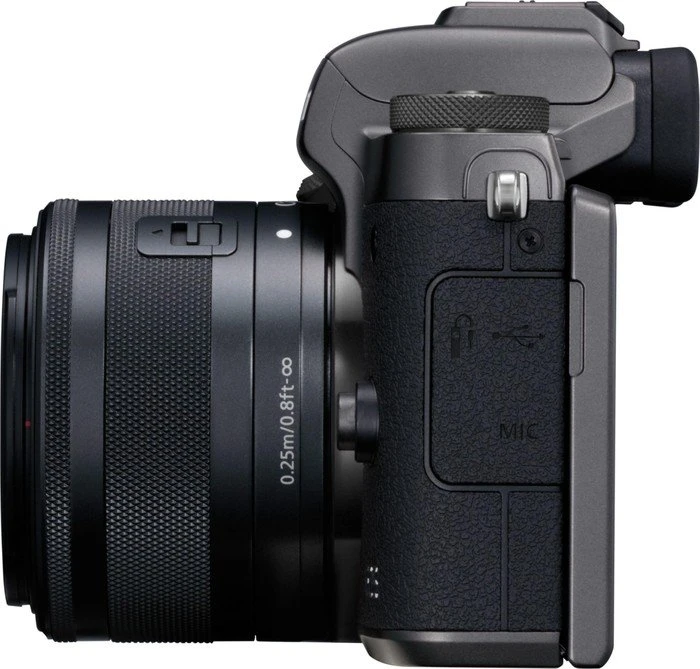 Canon EOS M5 mit Objektiv EF-M 15-45mm 3.5-6.3 IS STM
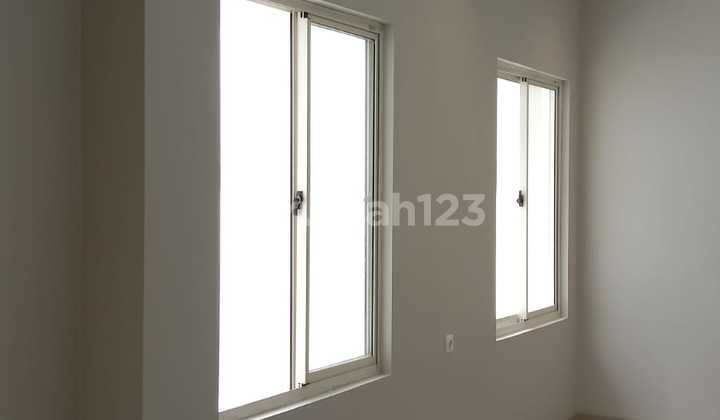 2-Story Semi-Furnished Fully Renovated House at The Springs Canary Gading Serpong Tangerang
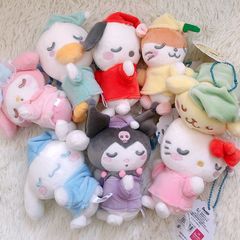 玉桂犬のクロミ美楽蒂はうつ伏せになります。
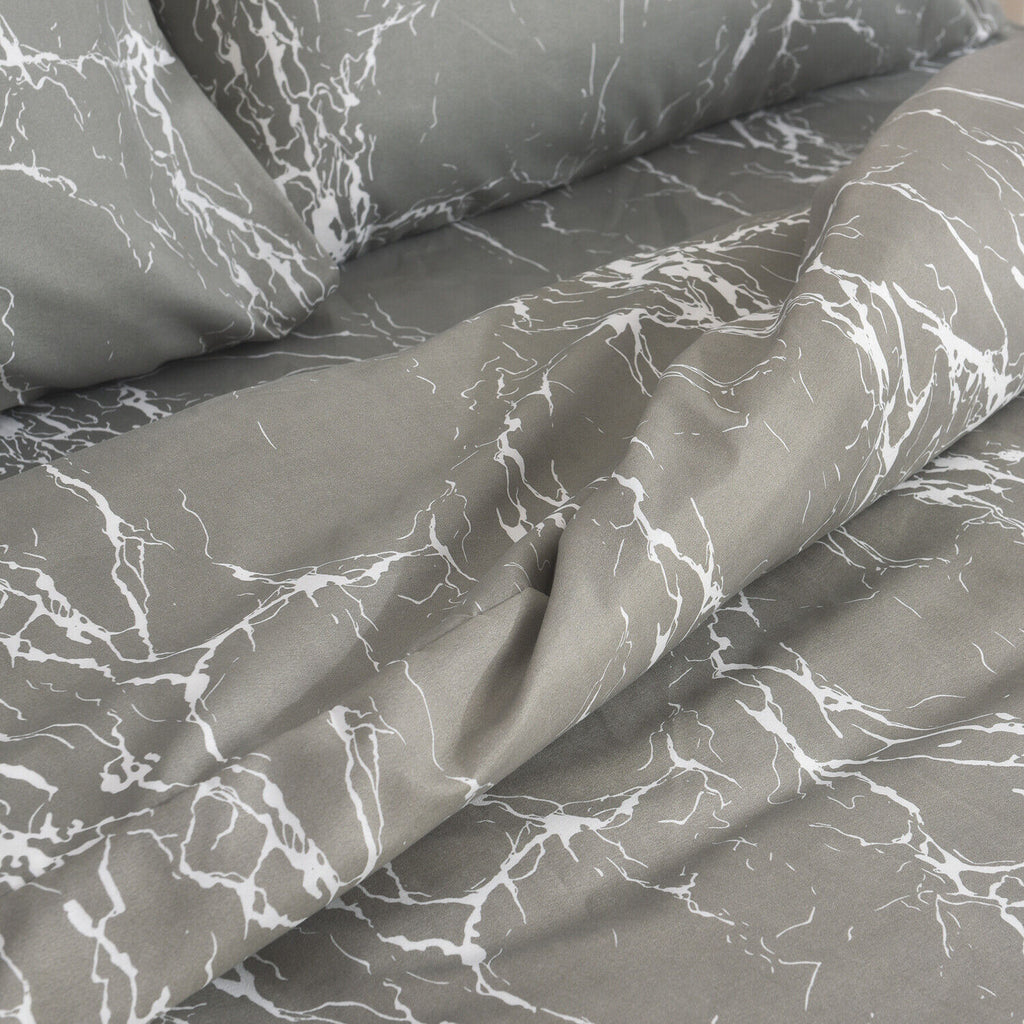 MillPrice Obsidian Marble Luxe Microfiber 4-Piece Bedding Set – Duvet Cover, Fitted Sheet & 2 Pillowcases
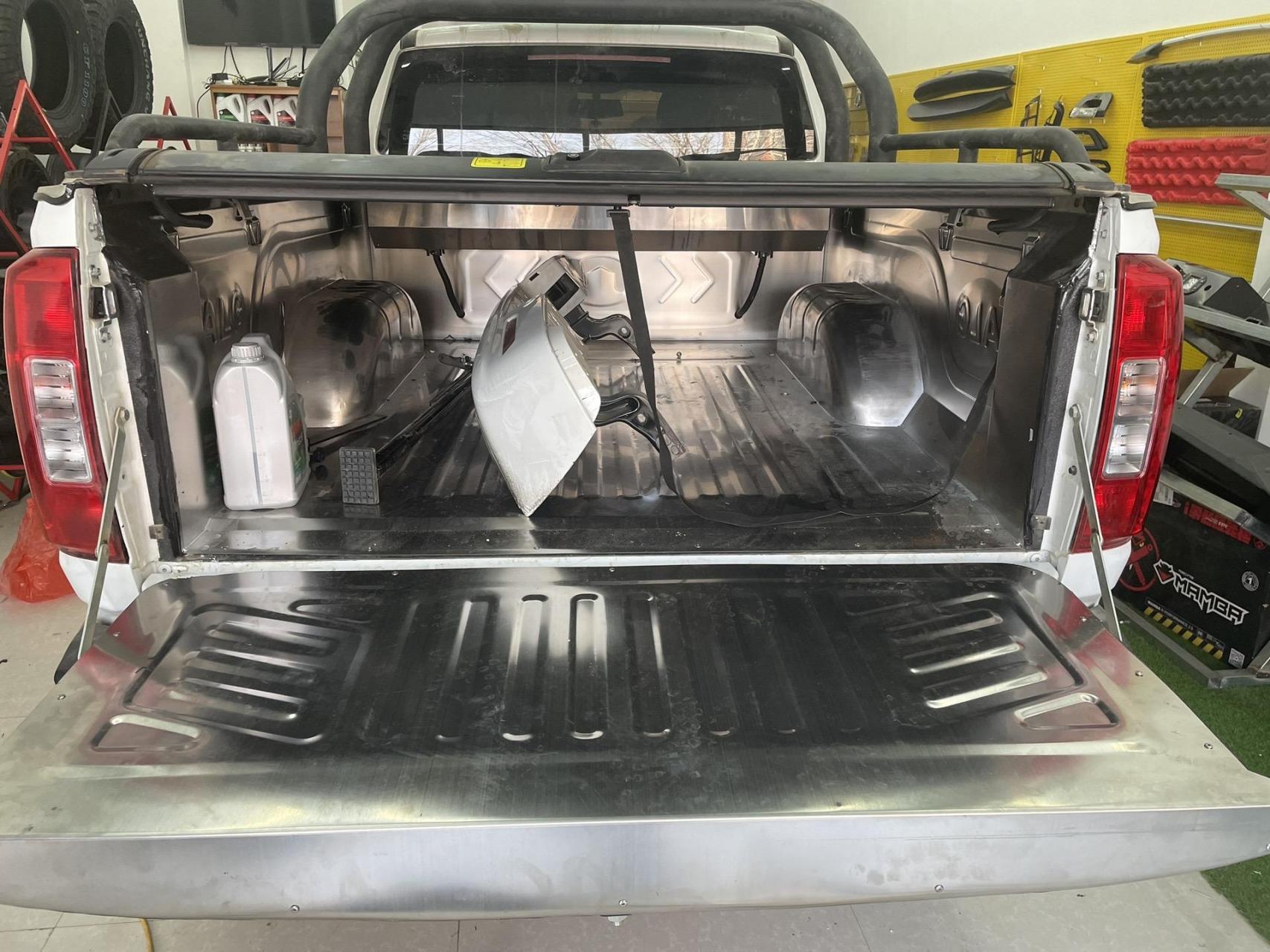 皮卡不锈钢货箱宝.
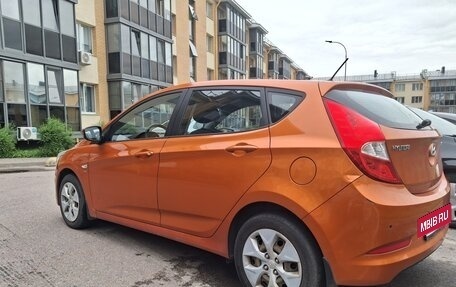 Hyundai Solaris II рестайлинг, 2015 год, 990 000 рублей, 6 фотография
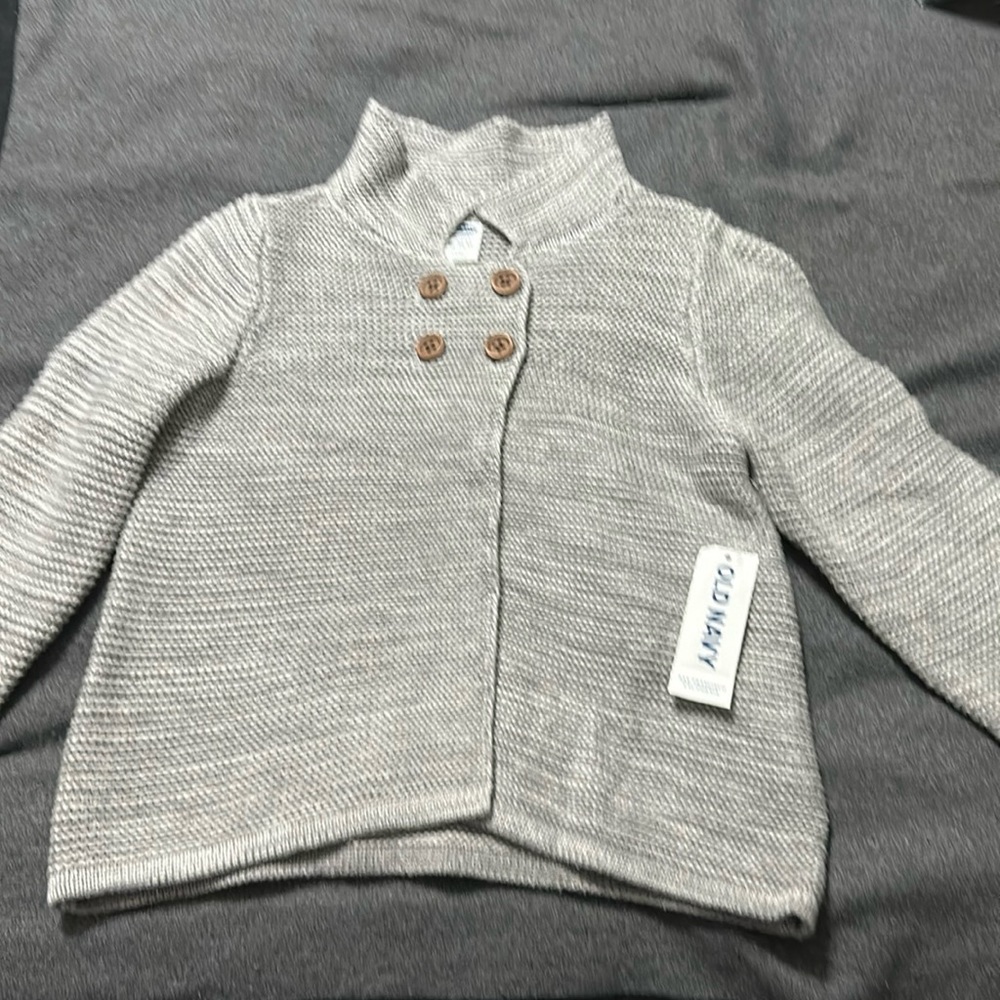 Old Navy sweater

**PROBLEM DETAILS**
Omit the pictures; print the records above exactly.

**ANSWER SPACE**
 Canon EOS M5 mit Objektiv EF-M 15-45mm 3.5-6.3 IS STM
 2-Story Semi-Furnished Fully Renovated House at The Springs Canary Gading Serpong Tangerang
 玉桂犬のクロミ美楽蒂はうつ伏せになります。
 MillPrice Obsidian Marble Luxe Microfiber 4-Piece Bedding Set – Duvet Cover, Fitted Sheet & 2 Pillowcases
 皮卡不锈钢货箱宝.
 Hyundai Solaris II рестайлинг, 2015 год, 990 000 рублей, 6 фотография
 Old Navy sweater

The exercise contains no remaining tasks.